Будучи интегративной филологической дисциплиной, линвокультурология «рассматривает язык как систему воплощения культурных ценностей» (Мурзин 1996: 10). Точкой пересечения интересов лингвистики и культурологии оказался текст. «Быть текстом — значит принадлежать к особому миру, миру социальной коммуникации», — пишут авторы коллективной монографии «Текст как явление культуры» (Текст как… 1989: 16). В сфере социальной коммуникации текст рассматривается как средство трансляции опыта «человеческой чувственной деятельности». И если лингвистику интересует вопрос о сущности этого средства, то культурология имеет дело с сущностью культуры, которую Л.Витгенштейн назвал «совместной жизненной практикой». Что же касается текста, то он выступает в культурологии в качестве средства исследования. В рамках лингвокультурологии могут быть совмещены оба этих интереса. Ключевым понятием, лежащим в основе этого совмещения, оказывается понимание. Применительно к предмету нашего рассуждения необходимо уточнить, что речь идет о понимании текста в собственном смысле этого слова. Именно категория понимания выводит на первый план текстологического исследования (в лингвистическом или культурологическом аспекте) фигуру человека. Понимать можно только тексты, и понимать может только человек. В этом смысле лингвокультурология, безусловно, является антропоцентрической наукой.

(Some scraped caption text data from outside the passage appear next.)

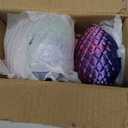 4PCS 3D Printed Dragon Eggs with Dragon Inside, Articulated Crystal Animals Fidget Toy Kid, Small 3D Printer Dinosaur Dino Eggs Toy for Kids Boy Girls (4 Pack-A)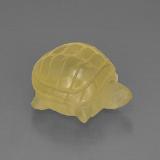 29 carat Lemon Carved Turtle Quartz 22mm x 17mm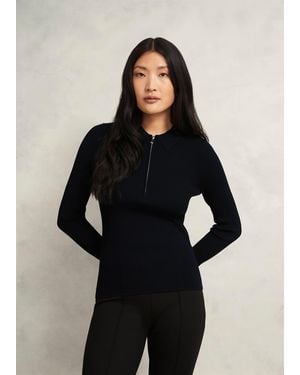 Hobbs Darcie Knitted Shirt - Black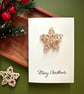Rustic wicker star Christmas card 3D boho natural ornament woodland craft art - Image 10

Если текст представляет собой средство передачи социального опыта, если понимание текста выражает отношение субъекта к «произведенному в поле данной культуры тексту» (Текст как… 1989: 18), если, наконец, сама культура воплощена в собрании текстов, то главной позицией, с которой лингвокультурология рассматривает различные объекты, нужно считать позицию взаимоотношения человека и текста. Текст как культурное явление существует только при условии его интерпретации человеком. «Проблема вхождения текста в культуру является, в сущности, проблемой интерпретации — пишет Л.Н. Мурзин (1996: 10). Приобщение человека к культуре происходит путем присвоения им «чужих» текстов, составляющих культуру. В то же время сам текст является культурным объектом лишь в той мере, в какой «наше взаимоотношение с ним воспроизводит или впервые рождает в нас человеческие возможности… видения и понимания чего-то в мире и в себе» (Мамардашвили 1990: 345), возможности, которых не было до контакта с текстом. Таким образом, человек и текст, рассматриваемые под лингвокультурологическим углом зрения, оказываются условием существования друг друга.
Рассуждая о содержании и методах лингвокультурологии, Л.Н. Мурзин формулирует ряд вопросов, на которые призвана дать ответ эта отрасль гуманитарии: как происходит присвоение текстов индивидом? какие лингвистические механизмы обеспечивают этот процесс? каким образом «чужой» текст делается «своим»? (Мурзин 1996: 11). Ответы на эти вопросы, думается, нужно искать в области исследования интерпретации как личностного взаимодействия с текстом, освоение которого происходит, с одной стороны, путем включения этого текста в мир собственной личности, с другой стороны, посредством созидания самого себя. Сферой воссоздания человека назвал культуру М.Мамардашвили. Культурным пространством, на котором осуществляется это воссоздание, является мир текстов.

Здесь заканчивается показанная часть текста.